Our portfolio in stocks and cash is around 1M. Our investment real estate portfolio is hard to value. We paid around $875 for it, and judging from comparables, I think we could clear around 1M for it today; currently, the net income (after management, repairs, generous reserves, etc) is 60K per year. Between the two parts of our portfolio, it seems like we may have enough to FIRE--but I have a nagging suspicion that I am not doing a good job of taking into account the risk of our rental real estate, so even though I can get the numbers to come out "right", I don't feel any confidence in them.
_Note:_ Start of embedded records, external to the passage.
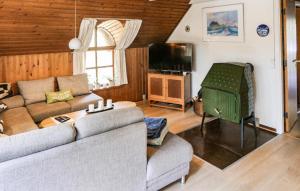a living room with a couch and a tv at Holiday Home Narssagsvej in Rømø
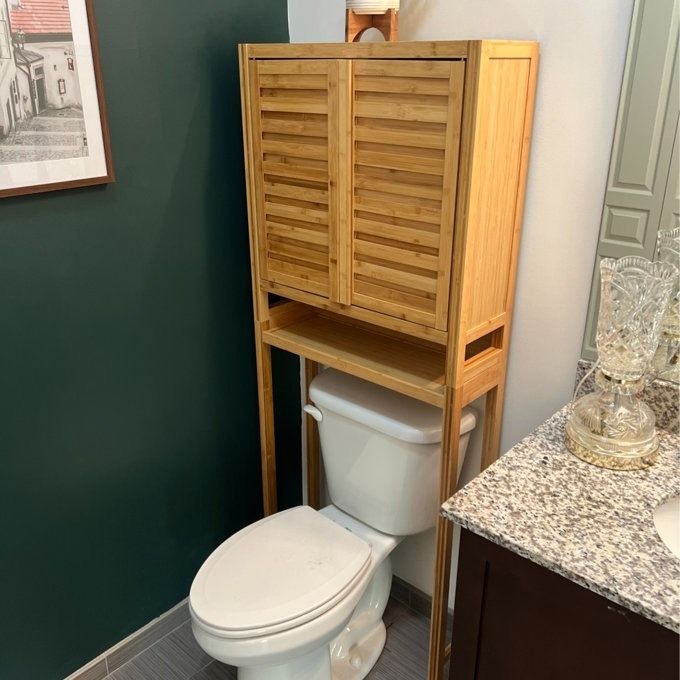 A reviewer's photo of a bamboo shelf positioned above a white toilet, next to a sink with glassware neatly arranged on a marble countertop.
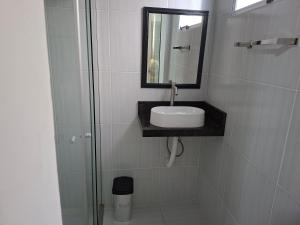 a bathroom with a sink and a mirror at confortável suite no jardim Botânico in Ribeirão Preto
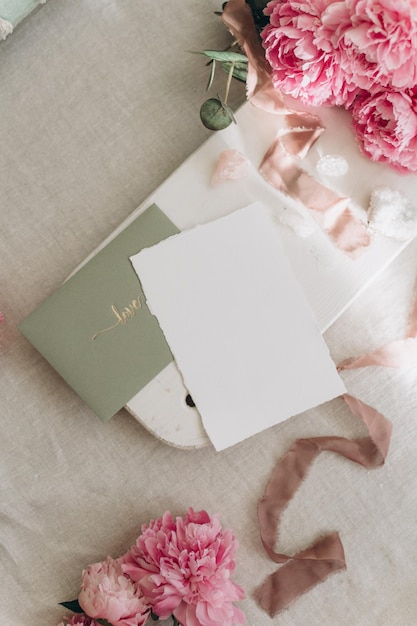 Mockup di cartolina sullo sfondo di fiori di peonie su sfondo chiaro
When I use FIREcalc to run a retirement scenario, I plug in $60,000 as an inflation-adjusted annuity. But real estate income is probably less dependable than a pension. Our real estate portfolio is fairly well-diversified: 10 high quality units in a two different states, and many different (all stable) neighborhoods. The vacancy rate so far has been under 5%, but I only have a couple of years of data.
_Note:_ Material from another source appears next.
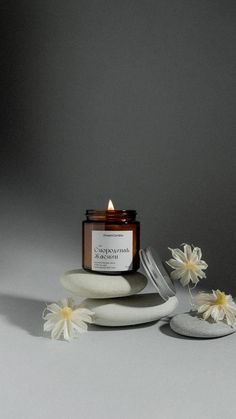 a candle sitting on top of a white plate next to some daisies and rocks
I am curious as to what people would suggest I do to capture the riskier nature of this investment compared to a pension. For example, I could pretend the real estate is invested in stocks and plug that into FIREcalc. But the FIREcalc tool uses historic stock market performance, which is not the same as historic real estate rental performance--so how relevant would the result really be to my situation?

Just looking for ideas on how people would approach this question: can DH and I retire now?
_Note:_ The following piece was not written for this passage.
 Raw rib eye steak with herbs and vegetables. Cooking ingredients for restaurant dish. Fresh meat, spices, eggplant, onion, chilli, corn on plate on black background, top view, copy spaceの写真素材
Thanks and much appreciate any thoughts :)
 
On the surface your portfolio and rentals could give you your 100k/year income.

Rental property though doesn't fit nicely into those retirement calculators. The income and maintenance can be irregular. Rents can go with the lifespan of the neighborhood perhaps declining in real terms slowly over the decades. Countb on expensive major repairs every decade or so that will really affect your cash-flow.

You won't find a nice little model for rentals anywhere. Perhaps consider modeling rents falling in real terms (not nominally) maybe 1% a year. It all depends on the neighborhood.

There is no good answer here.

What do you think ?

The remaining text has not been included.